» **Directions for this task**: Find the line below with "Storie sotto il" and the line with "葡萄牙世预赛附加赛五大精彩瞬间回顾：荣耀与惊险并存". Output them and the lines between, exactly, but not the pictures.

» **Data section**:
*** Block opens ***

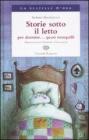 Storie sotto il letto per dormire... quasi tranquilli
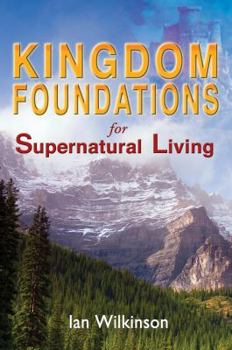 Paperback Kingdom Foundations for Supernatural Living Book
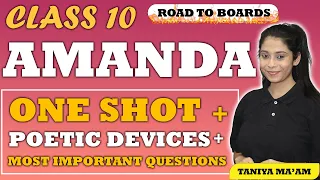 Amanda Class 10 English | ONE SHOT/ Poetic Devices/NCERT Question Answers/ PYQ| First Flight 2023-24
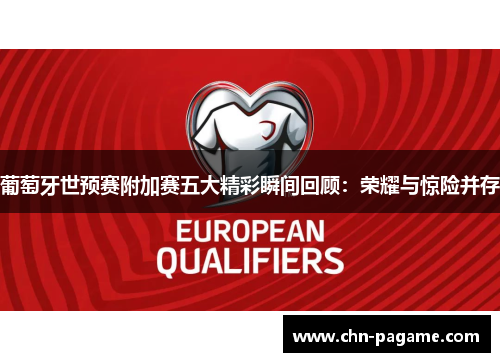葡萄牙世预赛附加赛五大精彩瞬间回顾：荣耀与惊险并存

*** Block closes ***
*** Block opens ***

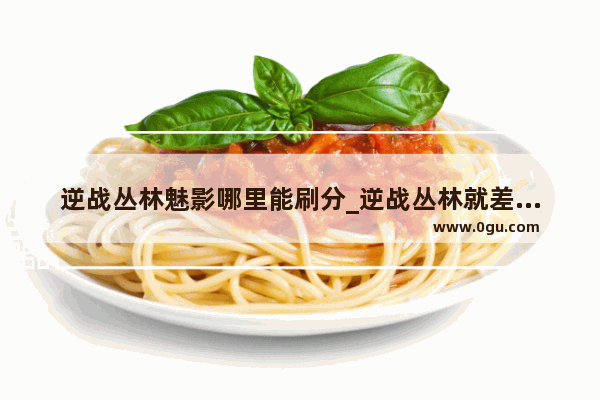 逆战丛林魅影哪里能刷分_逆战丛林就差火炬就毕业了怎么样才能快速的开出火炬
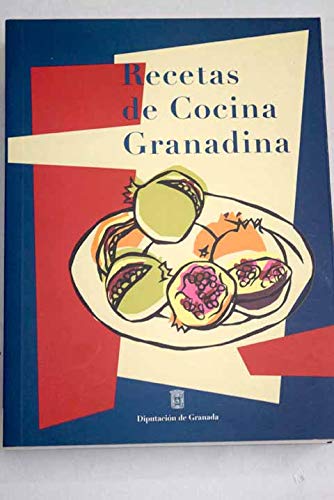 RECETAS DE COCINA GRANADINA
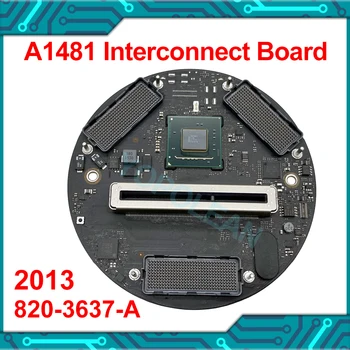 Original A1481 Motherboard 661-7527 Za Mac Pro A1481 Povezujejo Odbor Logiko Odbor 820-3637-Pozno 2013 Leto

*** Block closes ***
*** Block opens ***

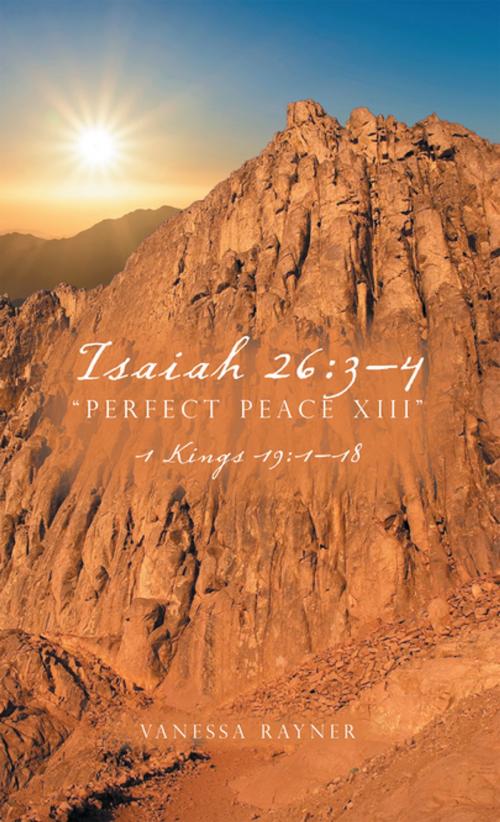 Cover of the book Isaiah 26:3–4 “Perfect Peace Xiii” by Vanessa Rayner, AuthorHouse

*** Block closes ***

» **Task output**:
 Storie sotto il letto per dormire... quasi tranquilli
 Paperback Kingdom Foundations for Supernatural Living Book
 Amanda Class 10 English | ONE SHOT/ Poetic Devices/NCERT Question Answers/ PYQ| First Flight 2023-24
葡萄牙世预赛附加赛五大精彩瞬间回顾：荣耀与惊险并存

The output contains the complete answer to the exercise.